I love to eat. I love to eat simple food and I love to eat fancy food. I love to eat out and I love to eat at home. I love the Grand Véfour in Paris, where the banquettes are made of velvet and the food is filled with truffles, and I love the coffee shop down the street, where the eggs all come with greasy potatoes. I’ve loved to eat since I was little, when my mother, a terrific cook, would make all the dishes, large and small, near and far. I learned early on the simple path between eating well and feeling happy. And, as all eaters do, I also early on learned the short, sudden path between desire and disappointment: my first strong taste memory is of taking a deep bitter swig of vanilla extract in a dark closet into which I had sneaked the bottle, sure that something that smelled that good had to taste good, too. (It doesn’t.) If all my pleasures are gathered around the table, all my disillusions taste bitter, like that vanilla.
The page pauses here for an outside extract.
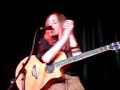 Susana Lang-Lenton - The Regal Rooms - 2nd Nov 07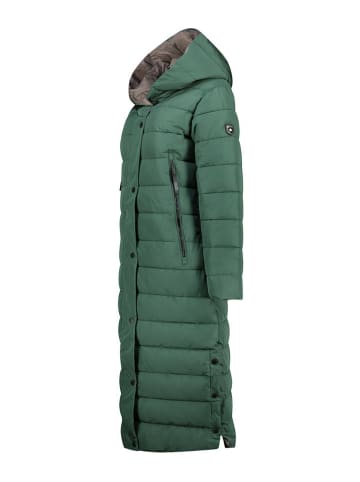 Canadian Peak Winterjas "Beackweak" groen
Getting older, with children of my own, I was trained enough to cook for them—my wife’s feminist mother had purposefully neglected her daughter’s kitchen tuition. And, over the years, I wrote a lot about cooking and eating, as a writer is bound to dwell on the things he loves. But though I had written happily about what food tasted like and what it looked like and also about the odd personalities of the people who made the best food, I was left, decades on, wondering: what did it really mean? Why did we care? What was, so to speak, the subject of food? The attempts to make food “art” I found embarrassing, and the attempts to make it adventure I found absurd. I recognized sexual politics in that effort, the result of traditionally women’s work now being done by men, including me. Men being men, they had to assert themselves by trying not to seem too obviously feminine, pretending that cooking was really just as macho as NASCAR, and so producing the taste for rattlesnake testicle ragout. And with the coming of Mr. Perfect, something more insidious happened: the sheer brunt and dailiness of women’s real lives—the everyday dance women still must do for family life to go on—was subtly undermined by the cooking husband, or host. (Putting on an apron and making a sauce is the easiest of household chores, and a neat way to escape doing the others.)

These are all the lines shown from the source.